This recipe was created on a busy week night after a long stressful day at the office. I hadn’t gone grocery shopping and I didn’t have a plan for dinner.  Rather than reaching for a stack of take-out menus, I checked the fridge and panty to see what was available. I decided to throw a few things together and to my surprise, I made a delicious dinner. This has become a go-to meal for those days when I just don’t feel like making anything fancy or time consuming. I change it up, depending on what I have on hand – sometimes I use kale, sometimes white beans – but it always comes together as a tasty meal.




  • 14 ounce of uncooked pasta (I use Trader Joe’s gluten-free penne)
  • 2 cloves of garlic, minced
  • 1 small red onion, diced
  • 1/2 cup sundried tomatoes, soaked in water for half an hour and sliced
  • 1 bunch broccoli, chopped into small pieces
  • 1 head cauliflower, chopped into small pieces
  • 14 ounce can chickpeas
  • 1 tablespoon olive oil
  • 1/3 cup vegetable broth
  • ½ teaspoon Italian seasoning (I use a Simply Organic mix which contains oregano, marjoram, thyme, basil, rosemary and sage)

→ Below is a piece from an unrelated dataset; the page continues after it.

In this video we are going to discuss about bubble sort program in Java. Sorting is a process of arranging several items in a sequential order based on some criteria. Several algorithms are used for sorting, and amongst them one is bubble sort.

  • ½ teaspoon red pepper flakes
  • 1/2 teaspoon sea salt
  • 1/3 cup kalamata olives, chopped
  • nutritional yeast



  1. Cook the pasta according the package directions. (But does anyone really the package  and actually follow the directions? I guess I should say “Cook the pasta as you normally would.”)
  2. In a large pan or skillet over medium heat, cook the garlic and onion for about five minutes, until the onion is translucent.
  3. Add the broccoli, cauliflower, sundried tomatoes, seasoning and red pepper flakes. Cook for about 10 minutes until the broccoli and cauliflower and crisp-tender, stirring often. Add the broth about halfway through to prevent the vegetables from sticking to the pan.
  4. Add the chickpeas, stir and cook for a few more minutes, until they are heated throughout. Add the salt and give it one last stir.
  5. Toss the pasta and veggies together. Divide onto plates and top with a sprinkle of nutritional yeast and a handful of chopped olives.